Dr Joice Mujuru has done great harm to her great name, and I sincerely hope an opportunity to revive her legacy will come during her lifetime. She is not going to win anything in 2018, and it is safe to predict that her party might come out completely empty-handed. This is not because she has become a small player in the political affairs of this country.
Rather it is because she has chosen to be frustrated into political oblivion. She has been pushed by the storms within ZANU-PF in a way she never imagined could happen to a person of her calibre. Instead of standing and waiting until sanity restores her dignity, she allowed the madness to reveal her weakness.
From inside that celebrated liberation war hero came a frustrated woman doing the bidding of an equally frustrated bunch of hopeless men — the likes of the now miserable Didymus Mutasa, my father of choice, and Rugare Gumbo my uncle by descend.
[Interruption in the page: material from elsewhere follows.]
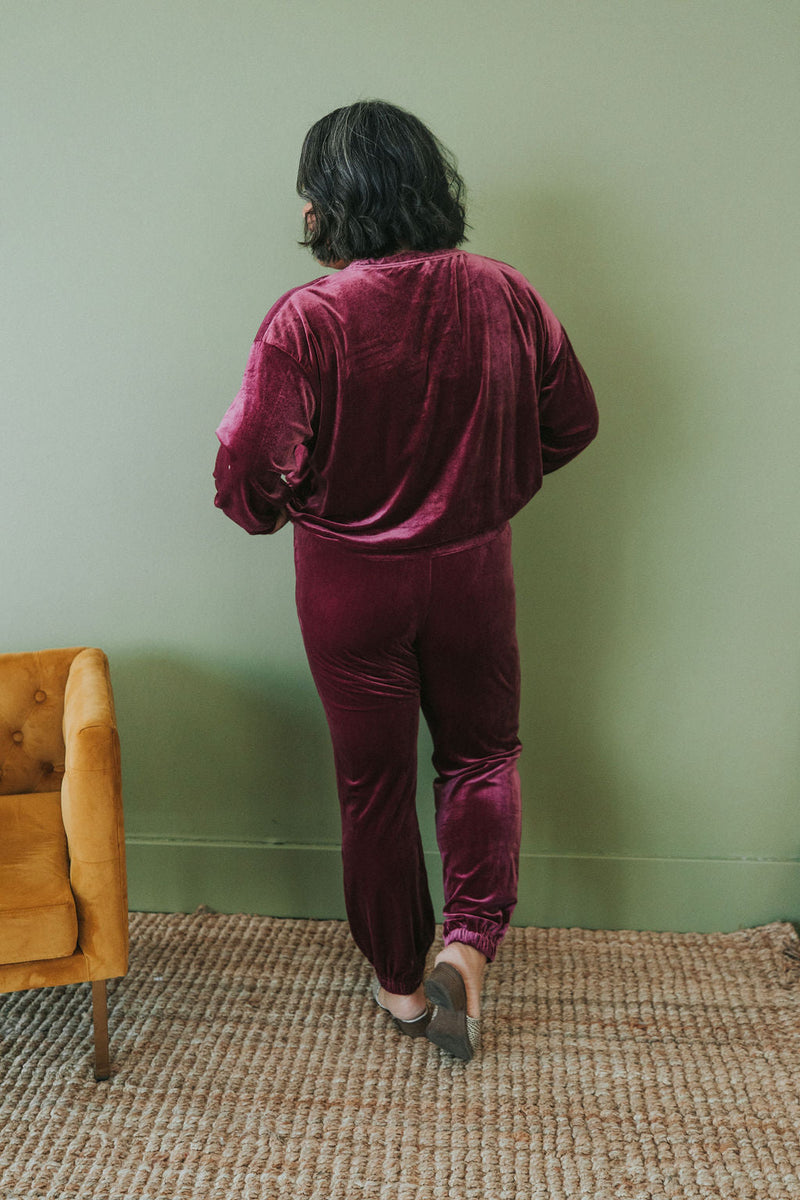 Cozy And Content Velvet Joggers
Now even little known confused idiots can easily drag along Amai Mujuru into making a fool of herself at ill planned rallies that are a pale shadow of the limelight that ZANU-PF has always given her over the years.
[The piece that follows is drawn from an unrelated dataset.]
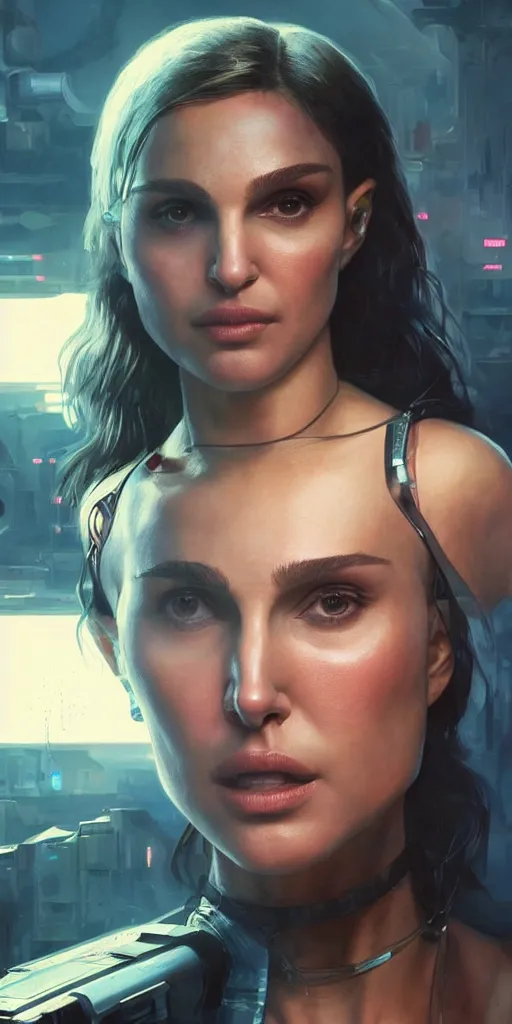 Image similar to portrait of Natalie Portman as a character in arabian Cyberpunk 2077, looking at camera, intricate, dystopian, sci-fi, extremely detailed, digital painting, artstation, concept art, smooth, sharp focus, illustration, intimidating lighting, incredible art by artgerm and greg rutkowski and alphonse mucha and simon stalenhag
Who on earth would ever have thought that those two street fighters that were knocking each other’s knee-caps for no apparent reason would engage in that despicable behaviour in the name of a party led by such a revered liberation war fighter like Cde Teurai Ropa?
As for characters like Tendai Biti, Welshman Ncube, Simba Makoni, and Elton Mangoma it appears to me that they are enlightened and intellectualised enough to realise the foolishness of wasting time in something whose only perceivable outcome is humiliation.
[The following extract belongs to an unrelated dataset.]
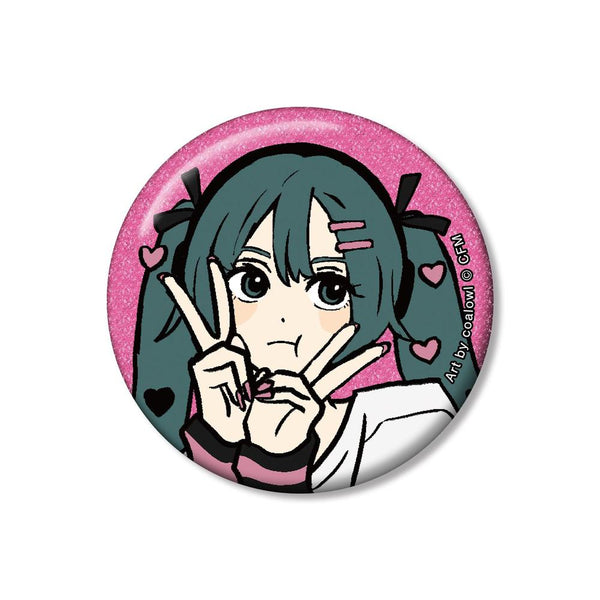 『初音ミク』描き下ろし 初音ミク ハートver. Art by coalowl グリッター缶バッジ ver.B【202604再販】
Coalition or lack of it, these gentlemen must understand that their time in Zimbabwean politics is simply over — at least as leaders of political parties. All of them bred midget political outfits whose only possible growth is shrinking in size, like what happens to all ageing and dying animals. The species to which the parties of these fine gentlemen belong simply does not grow in politics, and that cannot be helped.
I read on social media some people pleading with ZANU-PF supporters to do something about “sparing us your leader” in 2018. That alone is an indication that the political future of Zimbabwe still firmly lies in the hands of ZANU-PF.
Barring a drastic change of political trends, itself very unlikely even in the event of earth-shattering eventualities, it is simply not academically prudent to make a reasonable election prediction that excludes a victory for ZANU-PF.
The only plausible way for doing that would be from a propaganda approach, and I do realise there are politicians doing a splendid job sloganeering themselves happy about a perceived annihilation of ZANU-PF.